__Your objective__. Leave the pictures out and print, word for word, the lines below from the one with "2020 HYUNDAI ELANTRA SEL" through the final line.

__Raw data__.
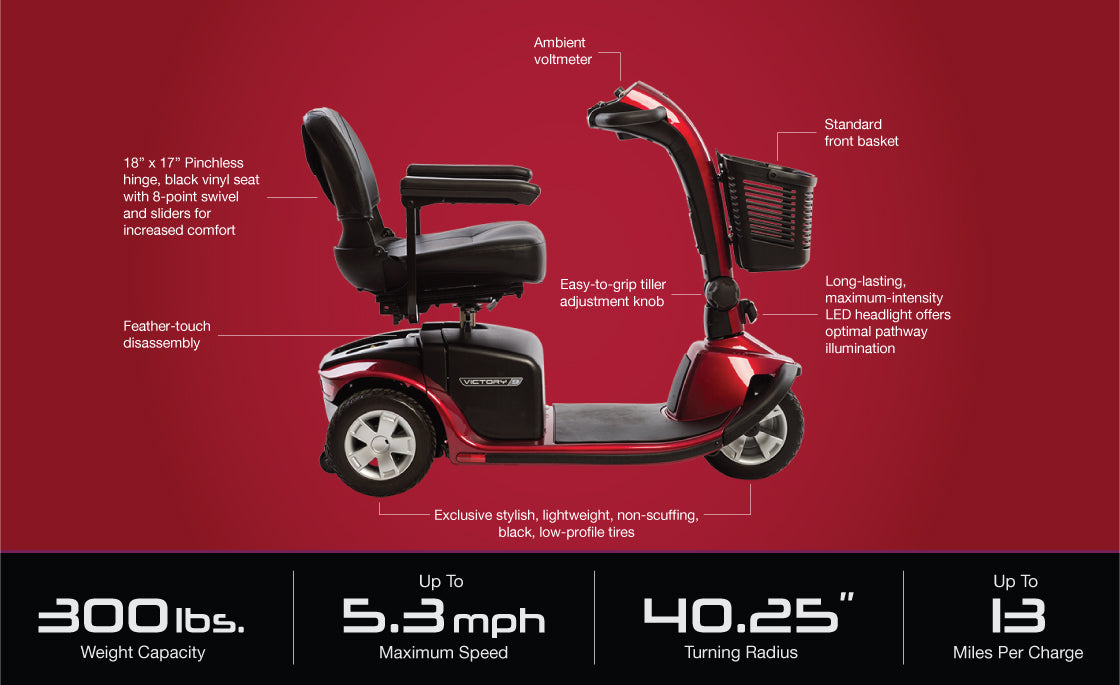 Pride Mobility 3 Wheel Mobility Scooter Pride Victory 9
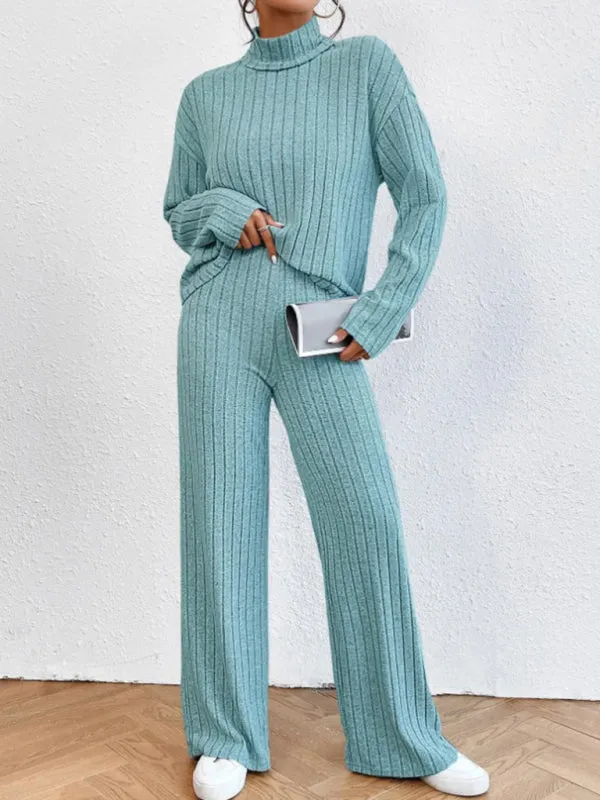 Casual high collar knitted long sleeve women's knitted two-piece set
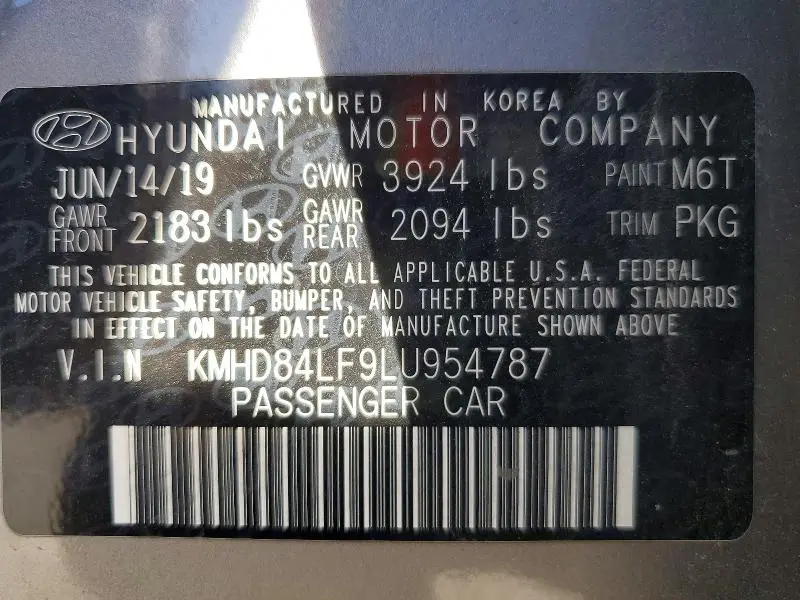 2020 HYUNDAI ELANTRA SEL  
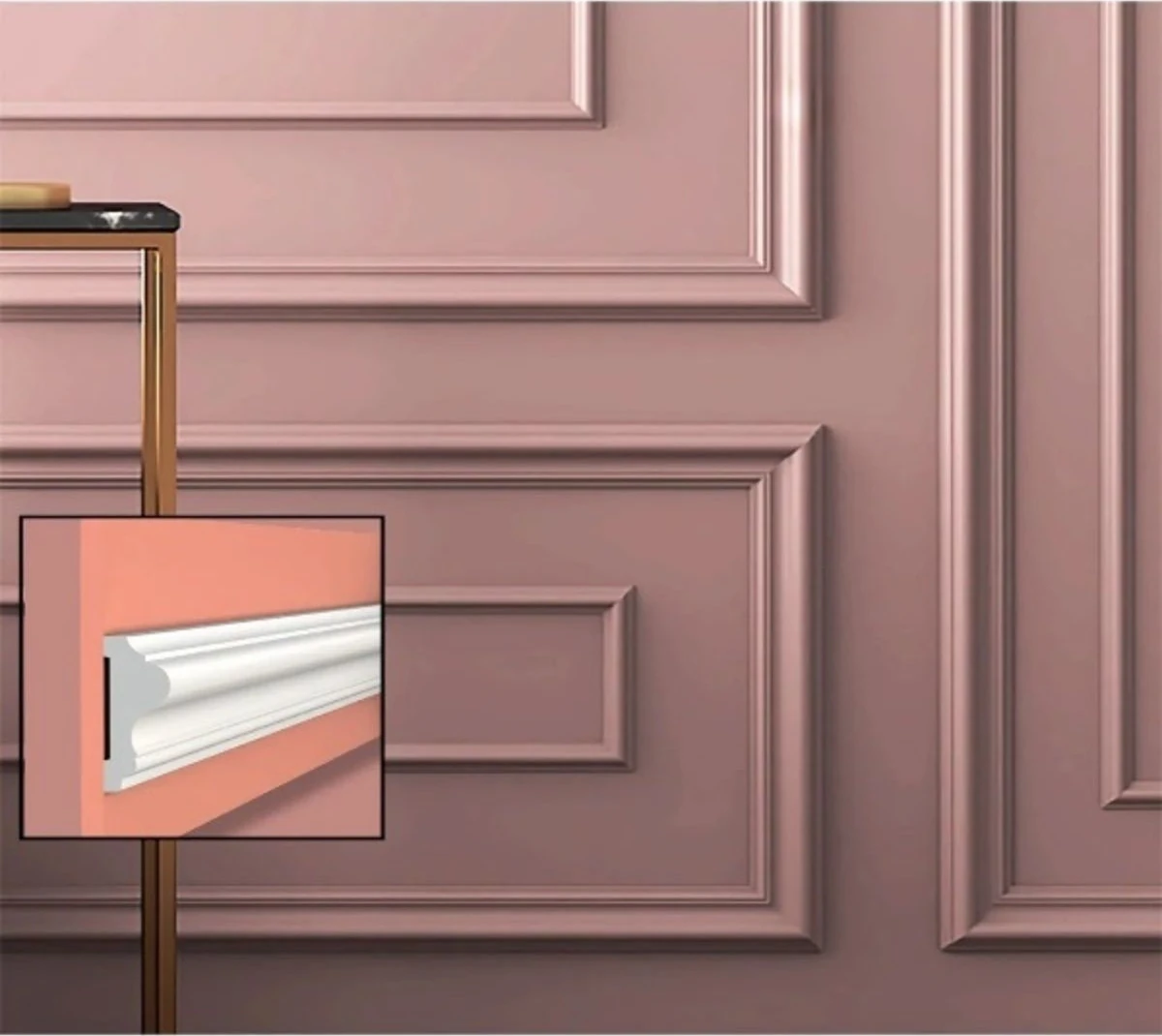 Dekoratif Boyanabilir 4 cm Eğimli Poliüretan Duvar Çıtası (En 4 cm Uzunluk :240CM)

__Task solution__.
 2020 HYUNDAI ELANTRA SEL  
 Dekoratif Boyanabilir 4 cm Eğimli Poliüretan Duvar Çıtası (En 4 cm Uzunluk :240CM)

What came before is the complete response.